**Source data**
──────────────────────────────

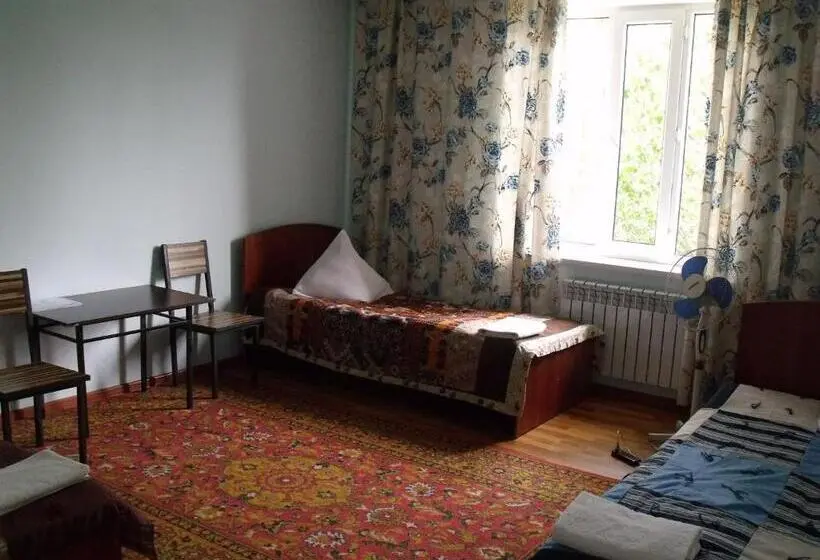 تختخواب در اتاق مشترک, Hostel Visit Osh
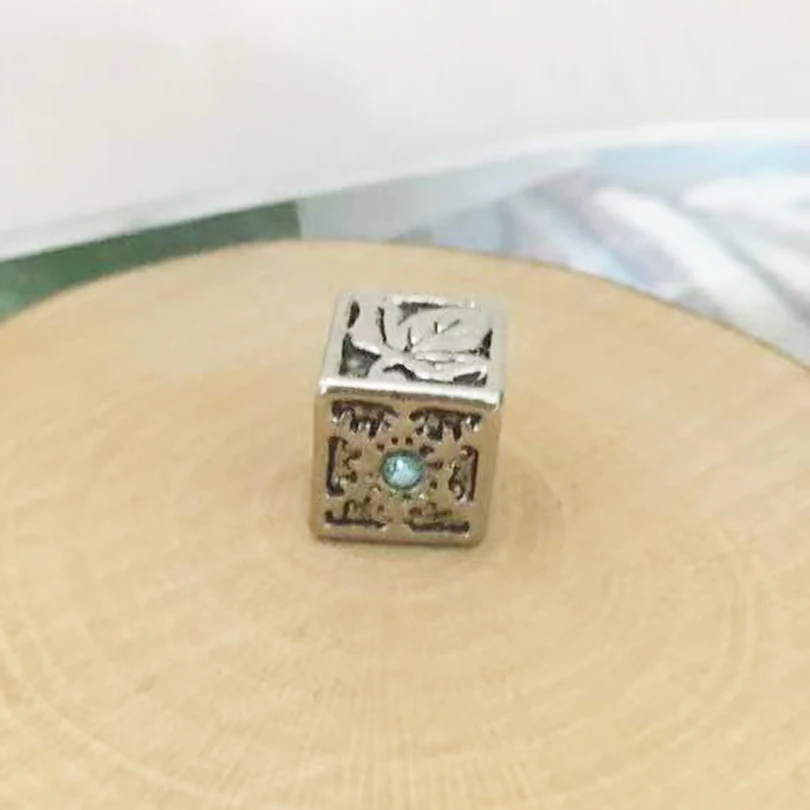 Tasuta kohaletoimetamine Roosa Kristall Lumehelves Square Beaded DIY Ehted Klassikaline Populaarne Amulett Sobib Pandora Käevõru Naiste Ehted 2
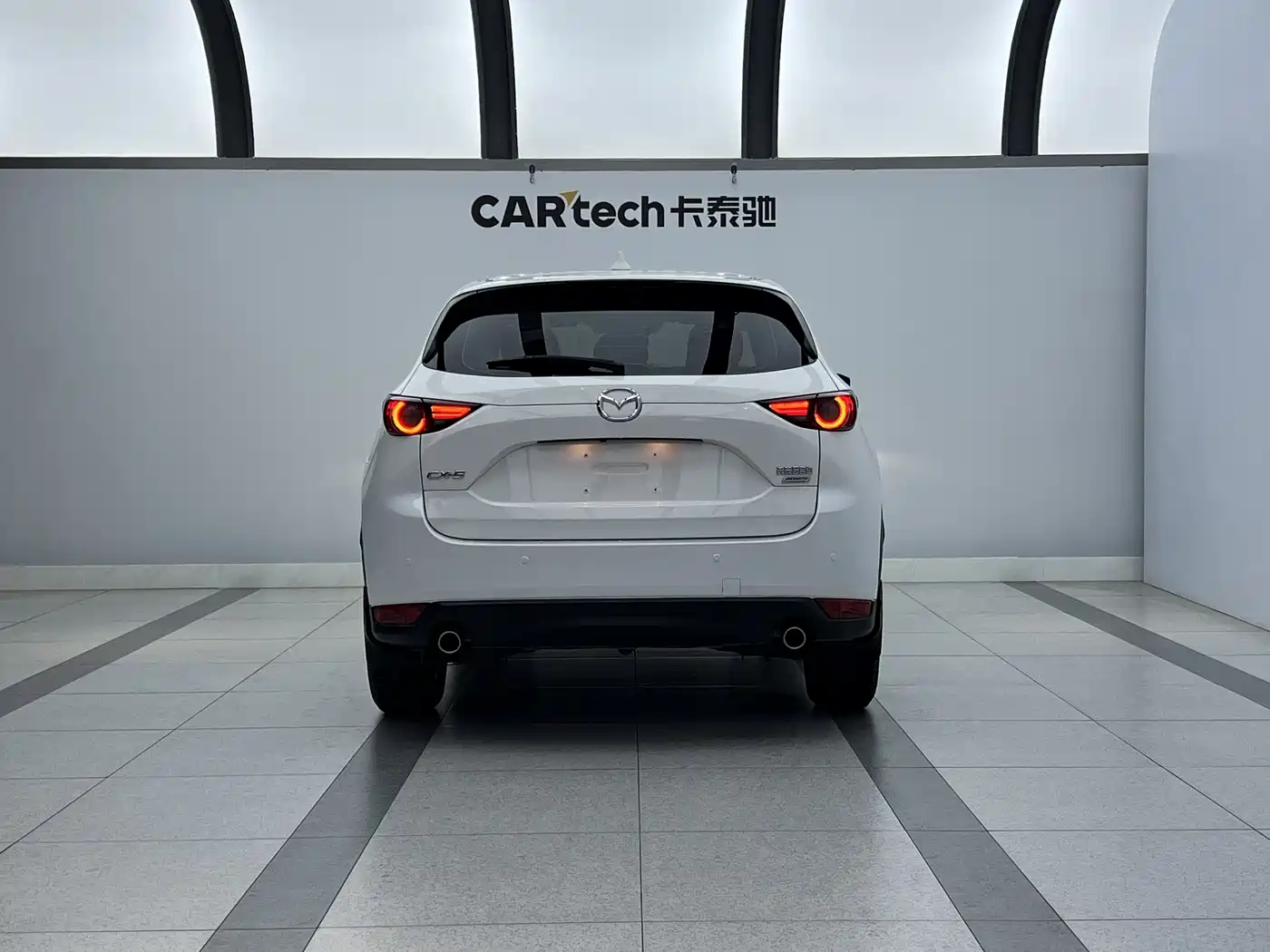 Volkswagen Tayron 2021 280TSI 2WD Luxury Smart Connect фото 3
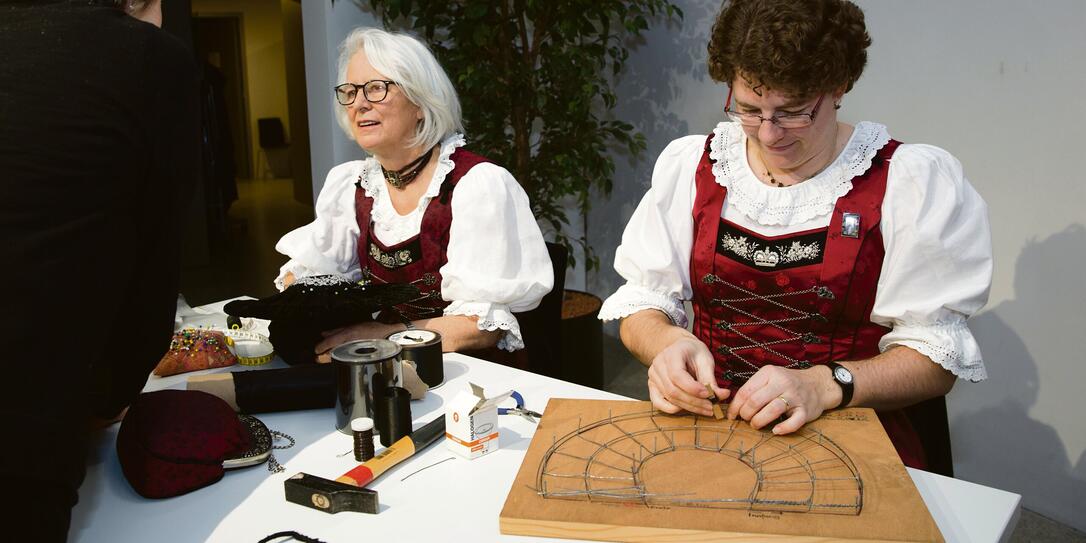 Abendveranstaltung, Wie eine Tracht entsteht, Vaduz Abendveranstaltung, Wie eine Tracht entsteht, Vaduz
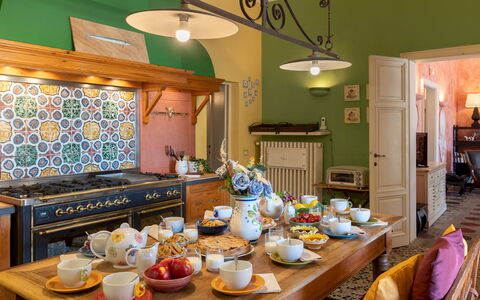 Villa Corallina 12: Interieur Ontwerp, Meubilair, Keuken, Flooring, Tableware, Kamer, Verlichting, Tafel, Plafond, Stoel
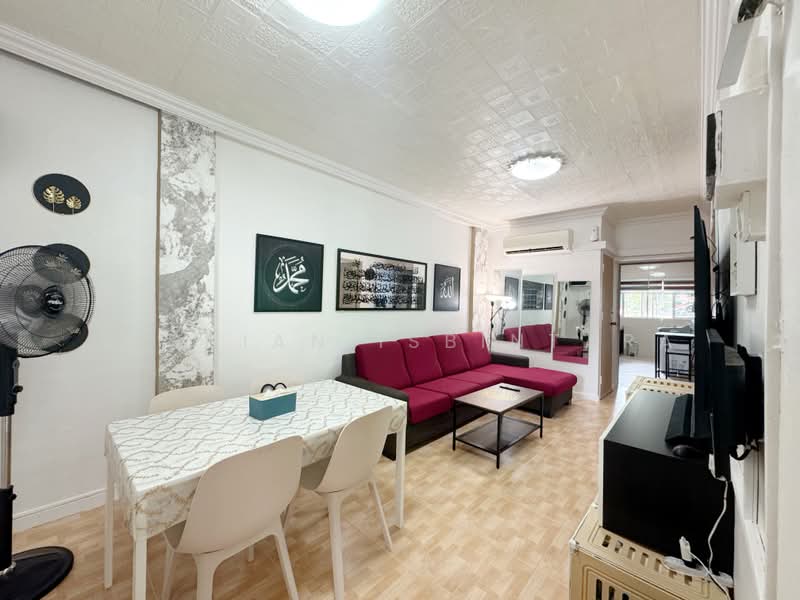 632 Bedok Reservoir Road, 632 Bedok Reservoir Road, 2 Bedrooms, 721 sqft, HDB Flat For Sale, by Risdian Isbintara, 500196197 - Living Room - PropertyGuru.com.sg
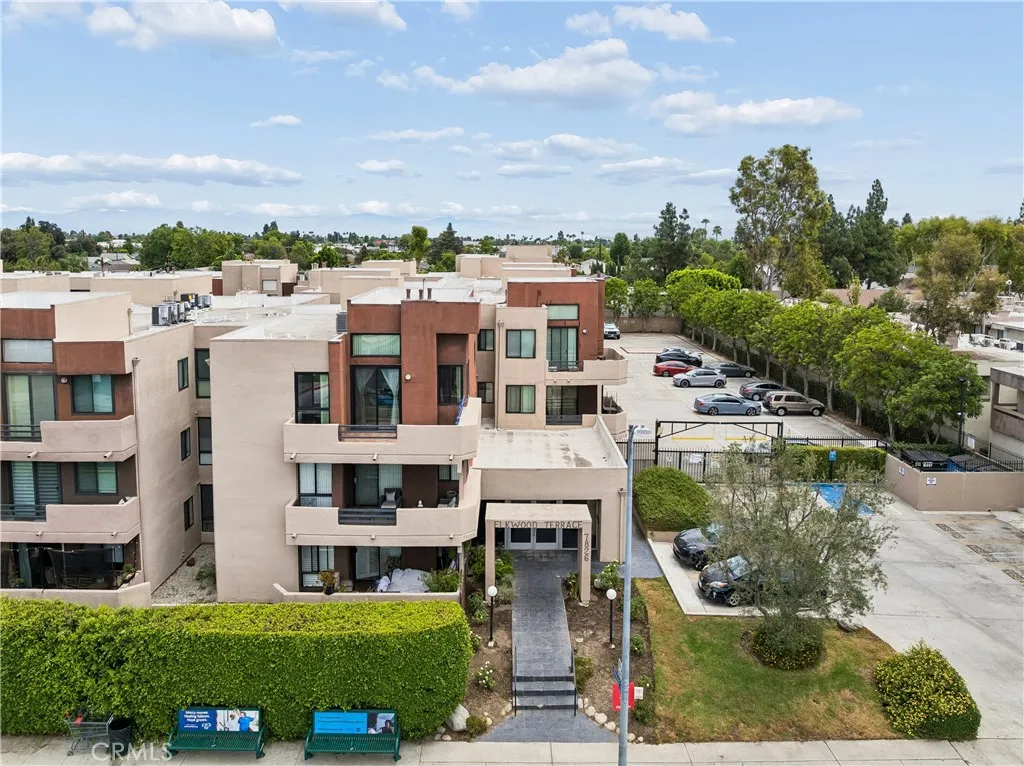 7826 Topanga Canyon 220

──────────────────────────────

**Problem to solve**
Skip the pictures and quote each line of the entries above, from the first through the line with "Villa Corallina 12: Interieur", exactly as it appears.

**Your response**
 تختخواب در اتاق مشترک, Hostel Visit Osh
 Tasuta kohaletoimetamine Roosa Kristall Lumehelves Square Beaded DIY Ehted Klassikaline Populaarne Amulett Sobib Pandora Käevõru Naiste Ehted 2
 Volkswagen Tayron 2021 280TSI 2WD Luxury Smart Connect фото 3
 Abendveranstaltung, Wie eine Tracht entsteht, Vaduz Abendveranstaltung, Wie eine Tracht entsteht, Vaduz
 Villa Corallina 12: Interieur Ontwerp, Meubilair, Keuken, Flooring, Tableware, Kamer, Verlichting, Tafel, Plafond, Stoel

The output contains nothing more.